Le ton est dédaigneux. On sent l'homme presque dégoûté de leur adresser la parole.
Mes camarades partent en courant et tête baissée. Le silence revient. J'ignore combien de temps je vais devoir attendre leur retour.
Durant les quelques jours qui suivent, les douleurs s'estompent peu à peu et je me sens revivre. J'ai tout le loisir de me faire une idée précise du lieu où je me trouve, ayant demandé à mes amis de m'installer au plus près des pieux. Je profite maintenant d'une excellente vue sur tout ce petit monde. Je perçois les sens de circulation, les différentes issues. L'endroit est très vaste et change d'atmosphère tout au long de la journée. Abandonné durant de longues heures, il se remplit à la nuit tombée des cris et des rires des hommes qui reviennent de la "chasse". C'est le mot qu'ils emploient mais je ne vois jamais la moindre trace de gibier. Peut-être le déposent-ils à l'entrée ou dans une cuisine. Je retrouve les autres dans ces moments-là. Ils s'occupent de me nourrir et de me porter jusqu'à des toilettes aménagées à une cinquantaine de mètres de notre prison, dans un recoin de la grotte.

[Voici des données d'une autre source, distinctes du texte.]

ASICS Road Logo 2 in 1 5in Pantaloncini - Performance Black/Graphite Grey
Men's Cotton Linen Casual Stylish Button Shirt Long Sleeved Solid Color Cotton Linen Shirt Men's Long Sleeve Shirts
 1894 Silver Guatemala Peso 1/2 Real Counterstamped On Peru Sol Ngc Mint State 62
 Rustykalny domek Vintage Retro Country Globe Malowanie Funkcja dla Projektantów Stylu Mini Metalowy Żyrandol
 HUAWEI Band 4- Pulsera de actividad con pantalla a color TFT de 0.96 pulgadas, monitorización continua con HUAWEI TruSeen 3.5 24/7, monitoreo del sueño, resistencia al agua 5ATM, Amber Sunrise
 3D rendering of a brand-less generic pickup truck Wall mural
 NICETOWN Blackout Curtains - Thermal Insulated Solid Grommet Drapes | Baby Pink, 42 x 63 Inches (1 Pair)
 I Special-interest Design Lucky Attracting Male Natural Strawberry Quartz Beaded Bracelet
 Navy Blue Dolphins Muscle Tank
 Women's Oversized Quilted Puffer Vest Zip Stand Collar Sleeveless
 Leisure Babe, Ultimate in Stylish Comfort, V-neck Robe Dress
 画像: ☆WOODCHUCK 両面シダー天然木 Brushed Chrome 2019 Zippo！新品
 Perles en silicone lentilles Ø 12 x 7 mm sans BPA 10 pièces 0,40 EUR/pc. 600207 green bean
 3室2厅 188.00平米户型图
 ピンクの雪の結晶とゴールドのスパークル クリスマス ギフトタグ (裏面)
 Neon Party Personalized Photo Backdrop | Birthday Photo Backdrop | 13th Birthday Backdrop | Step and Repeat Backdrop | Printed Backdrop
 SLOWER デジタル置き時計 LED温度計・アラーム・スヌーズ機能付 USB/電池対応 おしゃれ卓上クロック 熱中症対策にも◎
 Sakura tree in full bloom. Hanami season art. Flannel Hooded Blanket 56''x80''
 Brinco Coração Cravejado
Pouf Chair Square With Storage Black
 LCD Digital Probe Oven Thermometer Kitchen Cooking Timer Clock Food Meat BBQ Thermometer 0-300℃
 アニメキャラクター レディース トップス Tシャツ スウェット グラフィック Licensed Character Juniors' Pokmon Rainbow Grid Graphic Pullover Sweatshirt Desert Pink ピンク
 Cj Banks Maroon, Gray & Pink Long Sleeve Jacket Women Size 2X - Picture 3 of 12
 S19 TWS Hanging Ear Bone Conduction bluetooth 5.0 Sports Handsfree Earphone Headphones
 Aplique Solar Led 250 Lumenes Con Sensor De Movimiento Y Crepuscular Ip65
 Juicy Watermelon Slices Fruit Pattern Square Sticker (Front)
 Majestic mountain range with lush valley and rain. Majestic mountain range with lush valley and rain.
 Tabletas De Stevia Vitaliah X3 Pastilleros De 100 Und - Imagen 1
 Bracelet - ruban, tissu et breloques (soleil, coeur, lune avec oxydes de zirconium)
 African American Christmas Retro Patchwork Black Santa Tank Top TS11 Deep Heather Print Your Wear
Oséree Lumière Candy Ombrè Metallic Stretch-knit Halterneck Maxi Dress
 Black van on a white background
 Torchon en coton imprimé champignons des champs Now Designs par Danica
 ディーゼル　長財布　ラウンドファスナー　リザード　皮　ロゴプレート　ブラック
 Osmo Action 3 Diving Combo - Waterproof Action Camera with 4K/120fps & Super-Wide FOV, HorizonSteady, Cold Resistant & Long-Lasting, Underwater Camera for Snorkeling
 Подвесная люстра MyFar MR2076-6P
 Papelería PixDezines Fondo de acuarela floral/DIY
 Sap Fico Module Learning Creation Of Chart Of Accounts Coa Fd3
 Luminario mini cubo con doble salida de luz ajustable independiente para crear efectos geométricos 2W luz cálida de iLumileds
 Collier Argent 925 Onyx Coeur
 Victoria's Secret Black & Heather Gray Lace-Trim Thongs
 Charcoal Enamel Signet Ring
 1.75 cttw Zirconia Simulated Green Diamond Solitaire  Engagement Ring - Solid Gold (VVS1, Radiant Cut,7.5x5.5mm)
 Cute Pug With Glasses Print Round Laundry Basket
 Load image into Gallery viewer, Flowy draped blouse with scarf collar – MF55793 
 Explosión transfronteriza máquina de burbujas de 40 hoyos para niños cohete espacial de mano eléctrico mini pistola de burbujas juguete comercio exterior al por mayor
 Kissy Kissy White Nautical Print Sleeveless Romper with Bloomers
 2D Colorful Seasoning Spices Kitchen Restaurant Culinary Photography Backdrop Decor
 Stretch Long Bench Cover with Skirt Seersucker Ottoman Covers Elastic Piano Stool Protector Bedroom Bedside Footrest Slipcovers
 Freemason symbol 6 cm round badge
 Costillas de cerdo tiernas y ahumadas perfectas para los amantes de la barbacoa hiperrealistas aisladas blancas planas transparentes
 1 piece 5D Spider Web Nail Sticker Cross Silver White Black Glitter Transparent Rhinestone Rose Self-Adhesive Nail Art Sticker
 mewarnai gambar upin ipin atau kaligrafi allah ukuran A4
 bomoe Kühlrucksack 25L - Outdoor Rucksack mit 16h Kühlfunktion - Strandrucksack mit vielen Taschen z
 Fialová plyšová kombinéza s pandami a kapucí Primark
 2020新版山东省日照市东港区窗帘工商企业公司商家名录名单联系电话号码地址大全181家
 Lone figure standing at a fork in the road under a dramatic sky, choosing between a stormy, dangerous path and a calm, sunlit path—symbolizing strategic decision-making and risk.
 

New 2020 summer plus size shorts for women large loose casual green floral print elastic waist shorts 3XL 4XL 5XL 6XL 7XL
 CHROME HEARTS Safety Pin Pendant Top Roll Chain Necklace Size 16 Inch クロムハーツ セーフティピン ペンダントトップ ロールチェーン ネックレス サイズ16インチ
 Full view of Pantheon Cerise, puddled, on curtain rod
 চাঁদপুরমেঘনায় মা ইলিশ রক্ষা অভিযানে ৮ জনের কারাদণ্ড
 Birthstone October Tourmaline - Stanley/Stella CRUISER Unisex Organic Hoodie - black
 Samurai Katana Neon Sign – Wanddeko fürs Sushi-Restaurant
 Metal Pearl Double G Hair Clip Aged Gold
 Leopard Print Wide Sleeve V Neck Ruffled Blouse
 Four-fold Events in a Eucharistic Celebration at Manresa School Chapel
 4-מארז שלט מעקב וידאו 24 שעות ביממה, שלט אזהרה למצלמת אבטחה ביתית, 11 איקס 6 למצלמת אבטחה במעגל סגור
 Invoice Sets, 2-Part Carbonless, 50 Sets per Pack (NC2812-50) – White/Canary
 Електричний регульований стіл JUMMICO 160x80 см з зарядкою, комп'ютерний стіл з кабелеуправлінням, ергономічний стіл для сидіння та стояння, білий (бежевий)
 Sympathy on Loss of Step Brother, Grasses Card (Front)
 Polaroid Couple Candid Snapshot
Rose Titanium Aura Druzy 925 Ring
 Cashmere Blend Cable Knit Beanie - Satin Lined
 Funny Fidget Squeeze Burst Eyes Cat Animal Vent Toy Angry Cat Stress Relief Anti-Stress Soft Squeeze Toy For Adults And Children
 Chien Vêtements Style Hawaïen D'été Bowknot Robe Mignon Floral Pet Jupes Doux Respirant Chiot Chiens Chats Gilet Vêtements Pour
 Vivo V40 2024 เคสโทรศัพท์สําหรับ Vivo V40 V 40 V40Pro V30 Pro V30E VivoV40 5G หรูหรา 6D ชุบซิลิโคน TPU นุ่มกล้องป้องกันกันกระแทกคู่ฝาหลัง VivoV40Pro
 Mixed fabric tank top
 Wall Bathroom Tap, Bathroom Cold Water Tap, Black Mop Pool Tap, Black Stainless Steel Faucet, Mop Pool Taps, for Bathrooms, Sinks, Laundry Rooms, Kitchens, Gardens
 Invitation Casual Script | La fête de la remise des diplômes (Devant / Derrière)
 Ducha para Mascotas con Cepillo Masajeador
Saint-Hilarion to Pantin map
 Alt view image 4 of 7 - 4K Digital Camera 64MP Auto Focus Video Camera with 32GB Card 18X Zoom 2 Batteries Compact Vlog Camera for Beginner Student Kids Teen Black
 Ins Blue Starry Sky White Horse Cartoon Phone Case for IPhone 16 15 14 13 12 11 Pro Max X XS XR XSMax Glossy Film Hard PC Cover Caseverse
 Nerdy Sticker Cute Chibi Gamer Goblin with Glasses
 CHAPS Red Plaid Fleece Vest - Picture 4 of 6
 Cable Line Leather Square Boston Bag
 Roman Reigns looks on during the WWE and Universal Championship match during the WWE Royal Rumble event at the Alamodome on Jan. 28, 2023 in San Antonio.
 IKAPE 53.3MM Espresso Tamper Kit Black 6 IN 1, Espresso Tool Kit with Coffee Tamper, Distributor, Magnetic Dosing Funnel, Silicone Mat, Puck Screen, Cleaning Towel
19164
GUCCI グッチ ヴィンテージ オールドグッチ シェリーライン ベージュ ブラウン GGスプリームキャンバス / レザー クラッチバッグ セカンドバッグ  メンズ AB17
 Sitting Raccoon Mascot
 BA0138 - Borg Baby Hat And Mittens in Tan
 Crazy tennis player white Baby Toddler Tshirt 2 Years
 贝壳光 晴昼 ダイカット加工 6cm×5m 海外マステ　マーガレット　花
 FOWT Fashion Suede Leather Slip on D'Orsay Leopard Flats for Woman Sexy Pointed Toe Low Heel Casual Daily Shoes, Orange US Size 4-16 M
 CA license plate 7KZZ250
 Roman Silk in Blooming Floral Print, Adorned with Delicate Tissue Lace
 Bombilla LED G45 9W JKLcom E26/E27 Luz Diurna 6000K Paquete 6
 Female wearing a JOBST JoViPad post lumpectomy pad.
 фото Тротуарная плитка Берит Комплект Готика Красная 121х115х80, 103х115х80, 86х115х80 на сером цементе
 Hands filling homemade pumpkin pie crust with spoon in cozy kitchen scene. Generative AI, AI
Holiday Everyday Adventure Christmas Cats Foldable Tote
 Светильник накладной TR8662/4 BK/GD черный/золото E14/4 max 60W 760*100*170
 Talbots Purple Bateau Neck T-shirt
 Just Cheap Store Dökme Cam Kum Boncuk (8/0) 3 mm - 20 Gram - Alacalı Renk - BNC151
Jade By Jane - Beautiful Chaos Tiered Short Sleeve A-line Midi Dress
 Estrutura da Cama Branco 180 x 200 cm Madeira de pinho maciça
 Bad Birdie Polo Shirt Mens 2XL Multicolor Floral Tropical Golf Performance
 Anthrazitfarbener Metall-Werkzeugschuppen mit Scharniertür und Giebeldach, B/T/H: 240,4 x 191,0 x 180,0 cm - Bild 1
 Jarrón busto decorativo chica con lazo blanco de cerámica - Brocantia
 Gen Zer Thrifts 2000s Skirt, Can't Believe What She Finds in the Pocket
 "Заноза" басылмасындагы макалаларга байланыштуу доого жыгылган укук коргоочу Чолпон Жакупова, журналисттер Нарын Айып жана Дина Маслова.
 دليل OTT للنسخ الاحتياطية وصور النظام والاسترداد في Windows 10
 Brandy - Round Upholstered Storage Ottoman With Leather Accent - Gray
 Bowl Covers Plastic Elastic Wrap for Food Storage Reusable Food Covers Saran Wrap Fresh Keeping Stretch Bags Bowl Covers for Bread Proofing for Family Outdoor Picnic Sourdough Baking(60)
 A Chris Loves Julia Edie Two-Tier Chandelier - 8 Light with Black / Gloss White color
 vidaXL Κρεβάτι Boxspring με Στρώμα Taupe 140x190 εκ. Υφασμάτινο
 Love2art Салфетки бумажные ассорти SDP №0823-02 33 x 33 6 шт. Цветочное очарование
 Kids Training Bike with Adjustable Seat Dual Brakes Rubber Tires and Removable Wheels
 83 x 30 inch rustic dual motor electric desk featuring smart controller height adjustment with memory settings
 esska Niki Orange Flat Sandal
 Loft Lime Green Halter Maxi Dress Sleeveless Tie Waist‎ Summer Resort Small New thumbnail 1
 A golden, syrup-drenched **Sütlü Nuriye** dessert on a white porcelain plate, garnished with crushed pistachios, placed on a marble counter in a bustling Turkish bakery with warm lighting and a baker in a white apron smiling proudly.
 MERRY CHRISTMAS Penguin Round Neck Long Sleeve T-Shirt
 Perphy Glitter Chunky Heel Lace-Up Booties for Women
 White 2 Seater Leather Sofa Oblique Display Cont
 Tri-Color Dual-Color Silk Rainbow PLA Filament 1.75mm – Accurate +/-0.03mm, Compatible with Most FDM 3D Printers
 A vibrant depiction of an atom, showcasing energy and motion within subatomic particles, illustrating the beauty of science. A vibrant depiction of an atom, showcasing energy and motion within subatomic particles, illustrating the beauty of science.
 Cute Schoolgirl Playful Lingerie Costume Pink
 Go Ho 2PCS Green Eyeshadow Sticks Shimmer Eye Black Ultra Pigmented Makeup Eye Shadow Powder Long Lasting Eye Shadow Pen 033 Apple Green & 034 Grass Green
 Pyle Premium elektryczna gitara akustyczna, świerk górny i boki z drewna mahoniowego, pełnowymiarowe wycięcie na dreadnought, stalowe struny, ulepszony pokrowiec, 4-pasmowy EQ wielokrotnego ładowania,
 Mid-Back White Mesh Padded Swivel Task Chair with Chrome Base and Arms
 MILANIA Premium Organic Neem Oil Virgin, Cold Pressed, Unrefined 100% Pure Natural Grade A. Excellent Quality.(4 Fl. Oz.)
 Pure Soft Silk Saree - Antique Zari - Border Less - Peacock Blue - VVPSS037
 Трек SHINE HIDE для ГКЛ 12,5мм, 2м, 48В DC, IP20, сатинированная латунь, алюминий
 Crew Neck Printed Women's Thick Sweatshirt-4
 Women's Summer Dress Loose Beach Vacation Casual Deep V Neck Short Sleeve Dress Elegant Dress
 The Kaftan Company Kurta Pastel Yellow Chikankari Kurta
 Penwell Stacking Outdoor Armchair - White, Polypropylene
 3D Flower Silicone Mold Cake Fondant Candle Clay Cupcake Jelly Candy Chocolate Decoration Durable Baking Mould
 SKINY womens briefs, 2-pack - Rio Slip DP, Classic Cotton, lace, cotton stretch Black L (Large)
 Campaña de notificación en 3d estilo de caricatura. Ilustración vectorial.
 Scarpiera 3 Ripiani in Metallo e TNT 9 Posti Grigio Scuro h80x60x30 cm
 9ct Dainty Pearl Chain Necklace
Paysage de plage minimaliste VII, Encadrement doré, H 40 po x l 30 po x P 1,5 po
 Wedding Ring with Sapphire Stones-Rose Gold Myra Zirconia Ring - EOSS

Les Oreilles coupées sont très différents de nous. Ils ne sont pas seulement plus grands, mais également plus massifs. Ils occupent l'espace et sont impressionnants. Leurs barbes et leurs chevelures sont souvent très fournies, parfois structurées par des tressages qui ressemblent à des cordes. Leur façon de s'habiller est étonnante. J'ai mis un certain temps à comprendre que leur accoutrement avait pour base l'uniforme de la Maison: ce sont les mêmes chemises, mais taillées en lanières, parfois agrémentées de coquillages, recouvertes de dessins, de signes. Leurs pulls sont percés de trous aux contours bien dessinés ou sauvagement tailladés. Les pantalons sont tantôt raccourcis, tantôt serrés au niveau des mollets par d'épaisses ficelles. Des broderies grossières utilisant des fils de toutes sortes décorent les vestes. Et que dire de leurs visages, marqués de curieuses cicatrices aux formes géométriques, de peintures noirâtres qu'ils nomment tatouages et d'autres, plus rouges, qui ressemblent à des brûlures? Certains font peur, d'autres me feraient plutôt rire. J'ai réussi à reconnaître quelques anciens de la Maison, enfin, je crois, car ils ont beaucoup changé et portent sans doute d'autres noms maintenant.
Caché derrière mes poteaux, j'ai le sentiment d'être transparent. J'écoute les conversations. Quand des Oreilles coupées viennent s'appuyer contre les morceaux de bois pour discuter, je me mets dans la position du dormeur. J'essaie de mémoriser un maximum d'informations que je trie ensuite pendant mes longs moments de solitude. Le soir, mes copains se regroupent autour de moi et nous partageons ce que nous avons appris.
J'avais évalué le nombre des Oreilles coupées à une quarantaine, mais Octavius me précise que la communauté compte aussi une dizaine de membres travaillant sur la plage et dans les cuisines, que l'on n'aperçoit jamais dans la grotte principale.